Теперь ей оставалось только в течение всего вечера сохранить этот надменный, присущий леди вид, и она одержит победу в сделке с Седжуиком. Да, это было бы очень просто, если бы губы не распухли от егопоцелуев, а тело не горело от его обжигающих прикосновений.
Как она вообще собиралась сохранять какие-либо внешние приличия, если была вынуждена жить под одной крышей с этим великолепным мужчиной ещё две недели! О, сейчас она оказалась в худшем положении, чем тогда, когда её ранили и бросили умирать!
Разумеется, она нисколько в этом не виновата, рассудила Эммелин. Её уверили, что барон – абсолютно предсказуемый человек, исключительно порядочный и весьма скучный. И здесь её обманули. Или, быть может, это сам Седжуик все эти годы водил за нос великосветское общество, морочил семью и слуг, скрывая свою истинную натуру за ширмой долга и чести.
Но разве нельзя было заметить, что его глаза горят необыкновенным лукавым огнём, что у него горячий характер греческого бога и что за всеми его чопорными манерами спрятано страстное сердце любовника, ждущее, чтобы его нашли?
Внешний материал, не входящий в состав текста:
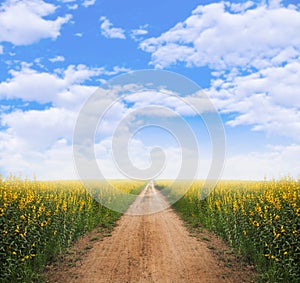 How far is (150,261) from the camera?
929 cm

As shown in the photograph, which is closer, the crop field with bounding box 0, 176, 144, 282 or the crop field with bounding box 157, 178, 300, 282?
the crop field with bounding box 0, 176, 144, 282

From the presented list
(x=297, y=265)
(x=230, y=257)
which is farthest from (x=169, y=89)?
(x=297, y=265)

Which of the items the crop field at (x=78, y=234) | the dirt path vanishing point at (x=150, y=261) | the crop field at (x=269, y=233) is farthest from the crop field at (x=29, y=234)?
the crop field at (x=269, y=233)

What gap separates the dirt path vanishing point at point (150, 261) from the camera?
8147 mm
Если бы только она не видела его насквозь и не желала так отчаянно.
И словно по мановению волшебной палочки рядом с ней оказался Седжуик, образец благородства, в котором не было и намёка на того страстного мужчину, который чуть не овладел ею в экипаже. Он подал ей руку, тёплую и сильную, и Эммелин оперлась на неё, стараясь не обращать внимания на то, как затрепетало её тело.
Эммелин взглянула снизу вверх на него как раз в тот момент, когда он посмотрел на неё, их взгляды встретились, и она почувствовала, что он верит в неё, поняла, что выиграла, хотя вечер ещё даже не начался.
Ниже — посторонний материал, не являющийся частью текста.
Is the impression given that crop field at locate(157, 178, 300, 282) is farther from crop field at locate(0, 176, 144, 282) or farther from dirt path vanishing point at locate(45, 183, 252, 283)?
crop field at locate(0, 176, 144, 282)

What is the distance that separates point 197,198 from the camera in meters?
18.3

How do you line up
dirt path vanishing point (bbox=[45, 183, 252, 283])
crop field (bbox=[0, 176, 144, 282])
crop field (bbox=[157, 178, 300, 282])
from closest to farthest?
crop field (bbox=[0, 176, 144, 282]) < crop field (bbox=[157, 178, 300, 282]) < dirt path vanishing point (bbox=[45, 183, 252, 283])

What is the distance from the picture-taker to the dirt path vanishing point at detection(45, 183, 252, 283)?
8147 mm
Ей нужно было только улыбаться и держать при себе собственное мнение – никаких конфликтов, никаких нелепых историй.
Разве это так уж трудно, когда на кон поставлено столь многое?
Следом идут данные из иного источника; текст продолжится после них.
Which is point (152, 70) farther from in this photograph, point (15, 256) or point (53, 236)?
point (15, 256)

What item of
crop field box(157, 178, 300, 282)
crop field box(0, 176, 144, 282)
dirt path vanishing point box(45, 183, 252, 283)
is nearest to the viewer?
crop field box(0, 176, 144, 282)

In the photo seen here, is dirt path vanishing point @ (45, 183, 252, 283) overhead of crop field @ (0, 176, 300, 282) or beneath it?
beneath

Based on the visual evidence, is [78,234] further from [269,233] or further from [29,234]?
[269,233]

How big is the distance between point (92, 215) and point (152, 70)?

Всё шло великолепно, пока леди не оставили джентльменов с их портвейном и сигарами и не перешли в гостиную.
Эммелин не разжимала губ и держала данное себе обещание не говорить ничего, что нарушало бы приличия. Однако очень быстро со всем этим случилось то же самое, что с её зароком никогда больше не играть в пикет. Хотя её решимость была неподдельной, Эммелин с треском провалилась.
– Вы не поверите тому, что я услышала о леди Беннет, – сказала хозяйка дома, леди Оксли. – Она бросила мужа и уехала.
– Не может быть! – воскликнули с ужасом леди, хотя на их лицах был написан такой же интерес, как у компании бездомных кошек, сидящих перед лавкой торговца рыбой.
Эммелин прикусила язык. Когда-то она провела неделю у лорда и леди Беннет и доподлинно знала, что лорд Беннет чудовище. Он порол своих слуг за малейшую провинность, а когда больше некого было воспитывать, выплёскивал остатки злобы на свою беззащитную жену.
– Здесь нет ничего удивительного, – возразила леди Оксли. – Её мать из Торпов, а это семейство отличается безнравственностью. – Говоря это, она выразительно смотрела на миссис Мебберли и её дочь, сидевших на краешке дивана, как пара каменных изваяний.
Когда леди Оксли произнесла слово «безнравственность», Эммелин заметила, как вздрогнула миссис Мебберли. Уже не в первый раз за этот вечер леди Оксли отвлекалась на то, чтобы бросить острую колючку в свою будущую невестку. Мисс Мебберли ещё не вышла замуж за графа, а леди Оксли уже не упускала возможности дать понять, что не считает его выбор правильным.